When I got to work this morning, I reached into my bag to grab something and emerged with a plastic sandwich bag full of brown, liquefied used-to-be-celery sticks. I was so repulsed I actually dropped it on the floor while trying not to gag, resulting in a spirited game of “hey, what’s that brown, mushy stuff in the bag?” But unlike MH370, that was one mystery solved: I’d been scouring the company fridge a few days ago, looking for those celery sticks I’d brought in last week to accompany a container of peanut butter. When they were nowhere to be found, I automatically assumed we had an office celery thief, as unlikely as that seemed. I’m glad my coworkers are honest, but kinda bummed that I never took the celery out of my bag. Decomposition ain’t pretty unless it’s happening in a compost bin.
Even then, it ain’t pretty.
I’ve worked in offices before where food thievery was rampant. Coffee creamer was especially popular. I once covered the bottle I’d brought in with skulls and crossbones and various threats of bodily harm or death if anybody helped themselves to it. This deterred no one. I was about to resort to lacing it with salt or mayo or Ex Lax, but fortunately my position was eliminated just in the nick of time.

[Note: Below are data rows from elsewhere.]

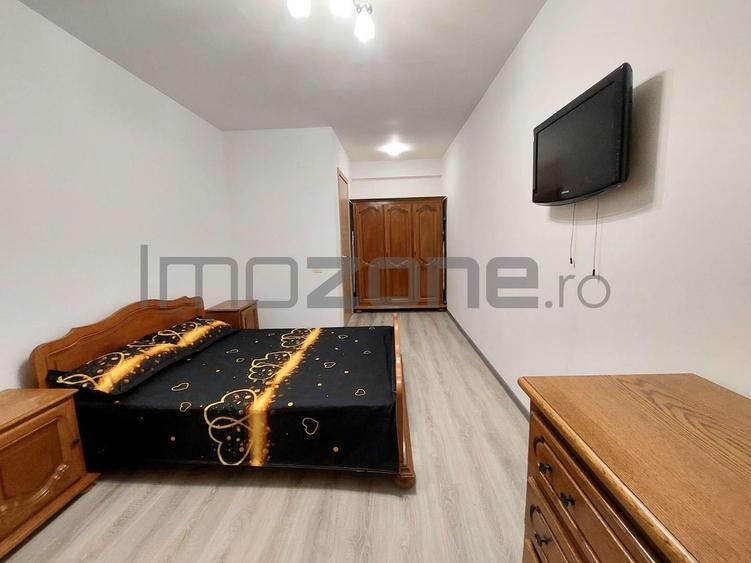 2 camere, etaj 2, mobilat - utilat, 6 minute metrou Grozavesti, Bloc nou - 4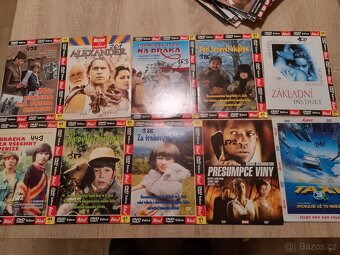 DVD filmy - 2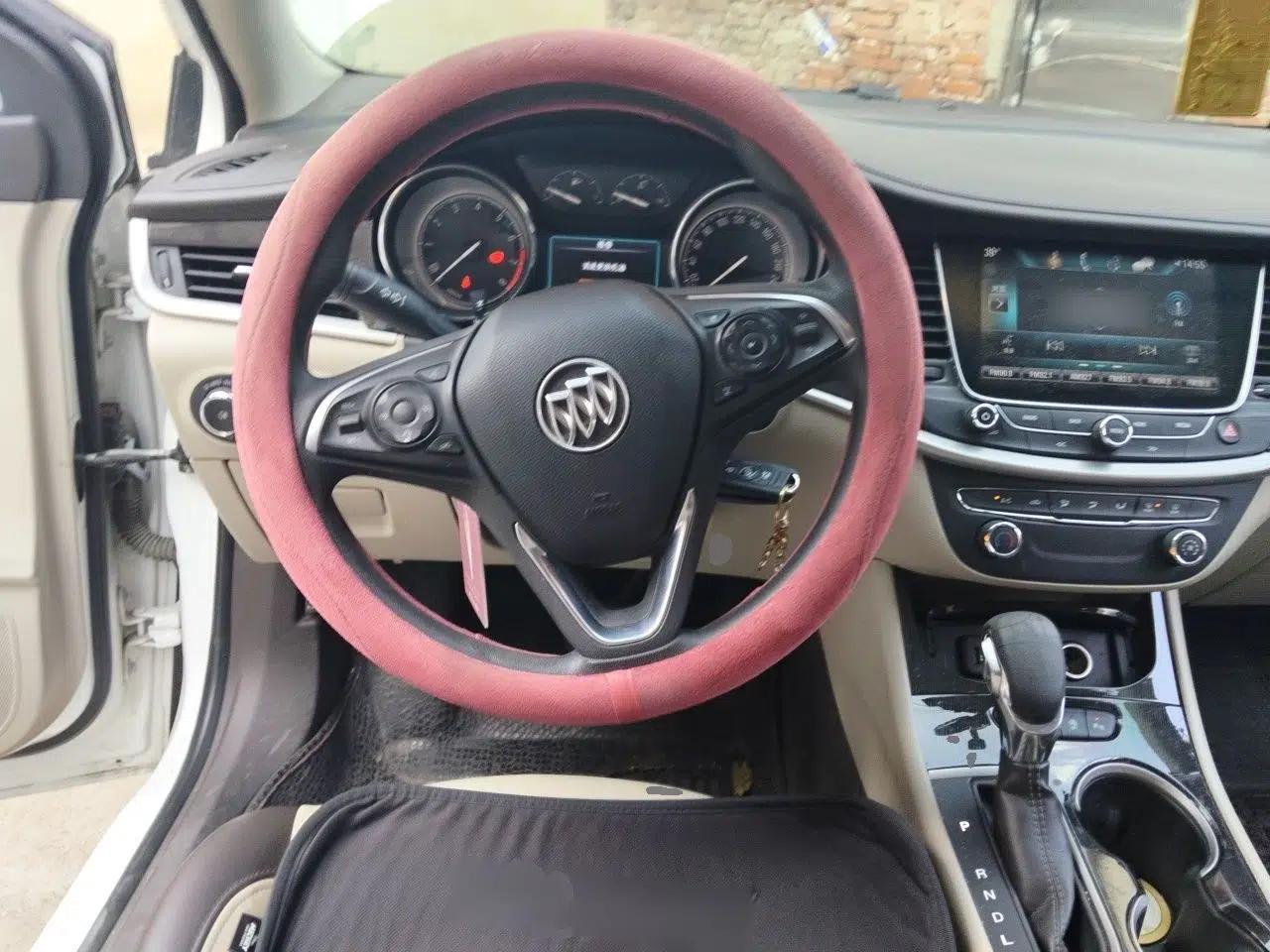 Buick Verano 2017 Sedan 15S Automatic Leading Model — миниатюра 10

Whew!
I can’t believe that happened nearly four years ago. My life has changed in so many ways since then. One week ago, I got a message from both my realtor and the title company: they were ready for me to sign the papers to close on my townhouse. This wasn’t exactly a shock – the short sale had been approved a couple of weeks earlier and, despite a last-minute and ultimately fruitless attempt by the buyer to get a few additional monetary concessions, all we needed to do was cross a few ts and dot some is – and yet, in a way, it kinda was. We’d been gone for six weeks, cleaned the place up, and barely given it a second thought. I’d even gone over one final time on my lunch hour, walking around the place, stopping in every room and privately reminiscing. Lots happened there, a mixture of good and bad. But ultimately, it was the first place I ever bought on my own, and represented a new chapter in my life after the divorce. It was always going to be hard to let go. Yet I knew, in the back of my mind, that the place was still technically mine. As long as no papers had been signed and I still had keys, I could go over there any time I wanted. I could in theory even move my furniture back there and decide to stay. Of course, I would never have done that, but the option was there.

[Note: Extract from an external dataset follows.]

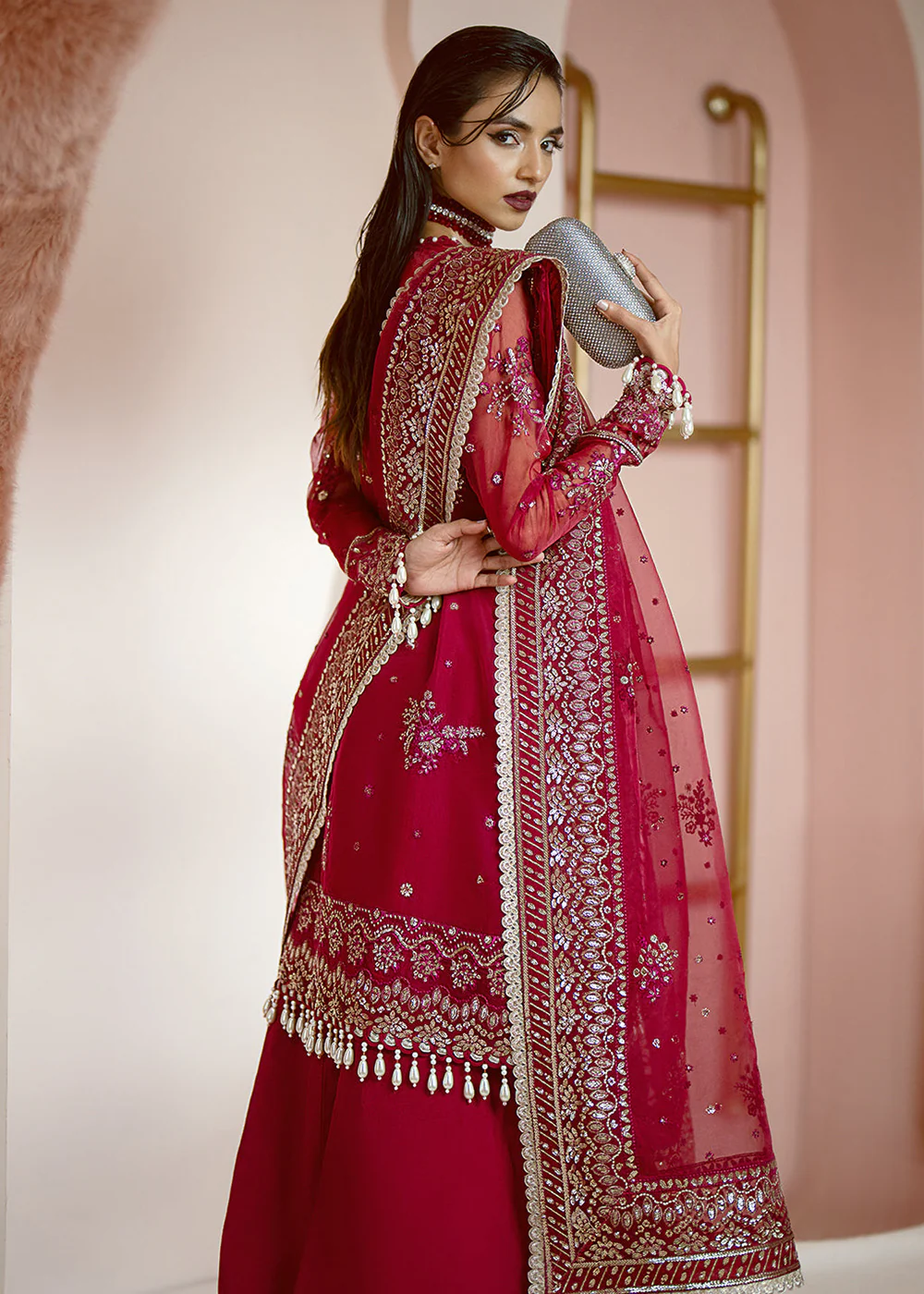 Luminara Wedding Formals '24 by Ayzel | Ruby - Image 5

And then suddenly, it wasn’t. I left the office early and drove downtown, to a plush office in a tall brick building, where I was given a blue pen to sign away the rights to my townhouse. That was a surreal moment, and as the title agent pushed a parade of papers across the table in my direction with instructions to initial or sign by the X, memories flashed through my mind from the past 8 years. I remembered another plush office in another brick building and another batch of papers awaiting my signature, but this was 2006, and I was taking possession rather than giving it up. The whole thing was bittersweet. And as before, X marked the spot where a new phase in my life was about to begin.

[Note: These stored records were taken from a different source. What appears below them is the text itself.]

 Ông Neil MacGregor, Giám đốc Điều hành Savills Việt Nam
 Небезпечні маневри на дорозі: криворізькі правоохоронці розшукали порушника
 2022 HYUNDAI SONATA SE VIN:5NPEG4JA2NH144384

I’m okay, though. Really, I am. I think Tara still worries sometimes that I’ll be filled with regret. If not for her, I’d still be living there. But here’s the thing: I’d still be living there and sinking deeper into debt. I was tens of thousands of dollars upside down in my mortgage, HOA fees were climbing every year, and a special property assessment was the final straw. I had no chance of ever getting out from under that money pit. So, while letting go was hard, the instant it was done I felt a new emotion I hadn’t experienced before: relief. My mortgage is paid off. I’m not tied down anywhere. I have the freedom to go wherever I choose, at any time. And I’m spending a lot less money every month. The last time I went to the townhouse, there was a paper stuck in the door. The HOA fees were going up yet again, thanks to an unexpected increase in property insurance for the condo. Years of mismanagement caught up with them, and a fire last summer was the nail in the coffin. I learned from my (former) neighbor the dues are increasing by $40 a month. That would have killed me; we would have been paying $250 a month in addition to our mortgage payment, which wasn’t even paying down the principal because of a bad loan. Suddenly, our rent seems downright cheap.
And I have to say, the horror stories I’d heard about short sales were grossly exaggerated, at least in my case. Well’s Fargo treated me with courtesy and respect throughout the process, even though I essentially said “screw it” and stopped sending them payments in October. They worked with me to establish a fair market price (I actually think it was too fair), and while the approval process wasn’t the most expedient, it was still measured in weeks rather than months. They wrote off all my debt, and then paid me $3000 in relocation assistance. I wouldn’t have believed this if I hadn’t experienced it myself. If you are on the fence and considering a short sale, my advice would overwhelmingly be, go for it!
So, am I heartbroken over losing my home? Ha. Not at all! My credit may have taken a hit, but in two years the short sale will drop off my record, and Tara and I can focus on buying a new house together. One that will truly be ours.